La Procura di Bologna farà ulteriori accertamenti sulla morte di Pietro Gugliotta, ex componente della Banda della Uno Bianca morto suicida lo scorso gennaio nella sua abitazione di Arba, in provincia di Pordenone. La notizia del decesso è emersa pubblicamente soltanto nei giorni scorsi.

A seguire l’inchiesta sono la procuratrice aggiunta Lucia Russo e il pubblico ministero Andrea De Feis, che acquisiranno la documentazione relativa agli accertamenti già svolti in Friuli Venezia Giulia. I magistrati intendono inoltre ascoltare il medico legale che si è occupato del caso e alcuni familiari di Gugliotta, in particolare la seconda moglie. Lo riporta l’Ansa.

Gugliotta era considerato uno dei gregari della Banda della Uno Bianca, con un ruolo di supporto al gruppo criminale guidato dai fratelli Savi. Non era stato condannato per gli omicidi, ma per rapine nel Riminese e per attività di supporto logistico.

Ex poliziotto, era stato arrestato il 25 novembre 1994 e condannato a vent’anni di reclusione. Dopo quattordici anni, era stato scarcerato nel luglio 2008. Dopo la detenzione si era trasferito in Friuli Venezia Giulia, ad Arba, dove viveva con la seconda moglie. Aveva lavorato in una cooperativa per il reinserimento degli ex detenuti fino alla pensione, arrivata circa un anno fa.

La telefonata all’avvocata prima del suicidio

Secondo quanto riferito dalla legale Stefania Mannino, Gugliotta l’avrebbe contattata poco prima di togliersi la vita. L’ex poliziotto, sempre secondo il racconto dell’avvocata, le avrebbe detto di doverle parlare con urgenza. Dalle prime informazioni emerse, il gesto sarebbe legato a motivi familiari.

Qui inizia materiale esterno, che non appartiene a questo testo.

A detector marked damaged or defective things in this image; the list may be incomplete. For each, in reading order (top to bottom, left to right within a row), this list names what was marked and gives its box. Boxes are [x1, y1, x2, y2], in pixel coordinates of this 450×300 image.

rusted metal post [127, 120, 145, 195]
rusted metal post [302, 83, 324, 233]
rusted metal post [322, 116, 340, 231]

Gugliotta doveva essere ascoltato dagli inquirenti

A Pietro Gugliotta non era ancora arrivata alcuna comunicazione ufficiale da parte della Procura di Bologna, ma gli investigatori avevano già programmato di sentirlo nell’ambito delle indagini in corso sulla Banda della Uno Bianca.

Oltre a Gugliotta, gli inquirenti avevano intenzione di ascoltare anche Roberto Savi, i suoi fratelli Fabio e Alberto e gli altri ex componenti della banda. La Procura bolognese sarebbe venuta a conoscenza della morte dell’ex poliziotto soltanto diverso tempo dopo i fatti, durante gli approfondimenti investigativi avviati per concorso in omicidio sulle vicende legate alla Uno Bianca.